First, note that convergence is becoming more common, at least in officials’ and ministers’ thinking, and unthinking divergences are becoming less common. This is partly organic — as the two economies integrate common rules become more commonsense. It is also due to an elevated interest by Australian Prime Minister John Howard (from the outset of his prime ministership in 1996 when he quickly repaired the damaged peak-level relationship) and Treasurer Peter Costello (from 2003 when he instituted annual meetings with New Zealand Finance Minister Michael Cullen and instructed the Treasury to take an active interest in the SEM process and thus bring it more centre-stage in the internal Australian political debate from where it had been parked in the trade portfolio and with individual ministers’ bilateral initiatives). There is now some momentum, even if still uneven and frustratingly slow — note the ambitious memorandum of understanding on “coordination” of business law signed in February 2006 which spans a wide range of topics. (4) It helped, too, that antipathy to New Zealand because of its defence policies mellowed in the wake of New Zealand’s active involvement in East Timor, Afghanistan and the Solomon Islands.(5)

Second, New Zealand ministers have become more willing to align or approximate New Zealand law with Australia’s, beginning with competition law early this decade and now, for example, a factor in tax law (within limits). In drafting new bills and regulations, New Zealand ministers and officials do often take note of Australian law and practice, at least as an option.

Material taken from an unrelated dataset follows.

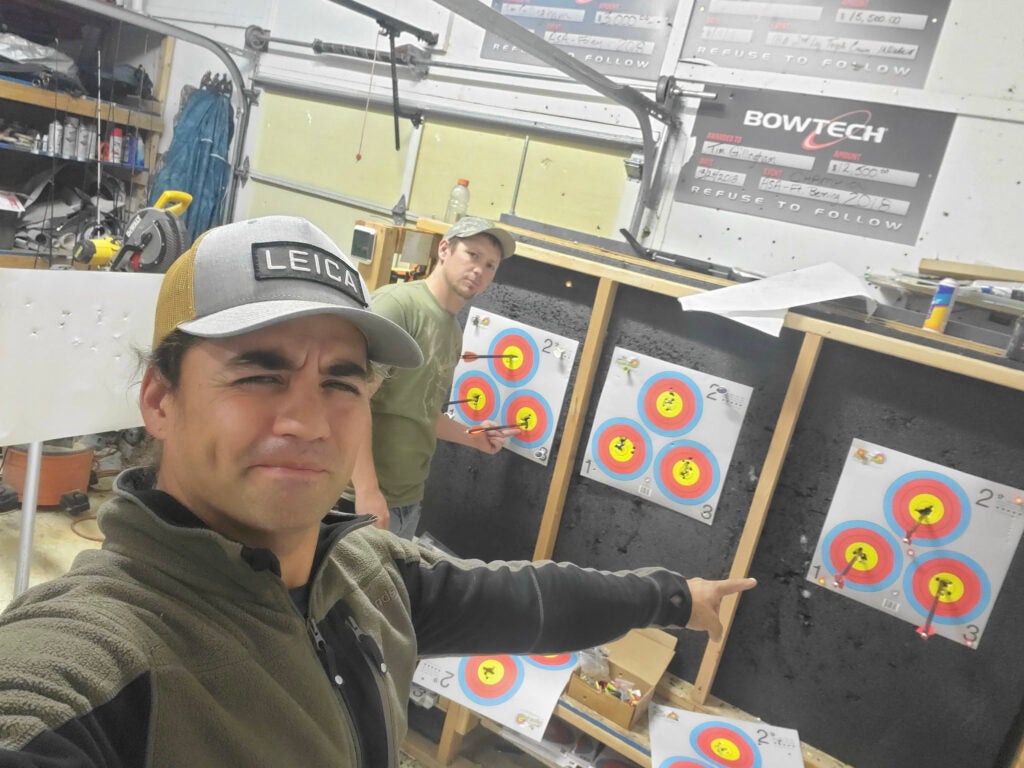 Man pointing at an archery target.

There are sovereignty limits to tax convergence: Australia’s unwillingness to agree to full mutual recognition of tax franking/imputation of dividends attests to that. Nevertheless, New Zealand is about to align its company tax rate with Australia’s recently lowered rate, despite the fact that in total Australian companies pay in addition capital gains and payroll taxes (not to mention compulsory superannuation supplementation) which are not levied in New Zealand. Revenue Minister Peter Dunne, in a speech on 2 March, set out a “goal of being competitive with Australia” in tax rules and invited his audience to “see an Australian focus in a number of our reforms which are under way”. Officials’ proposals for revamped life insurance law “have certain conceptual similarities to Australia’s rules” and the current review of tax on companies’ offshore income “takes as its starting point the Australian rules”, particularly the reduction of withholding rates in double tax agreements, even though that is “a fundamental departure from the principles underlying the current New Zealand tax system”(6). A future National-led government is likely to adopt the Australian practice of tax concessions to encourage private health insurance and schooling and to lower personal rates and lift thresholds. Perhaps I should add that the traffic has not been all one-way: Australia’s GST is modelled on New Zealand’s though not as clean.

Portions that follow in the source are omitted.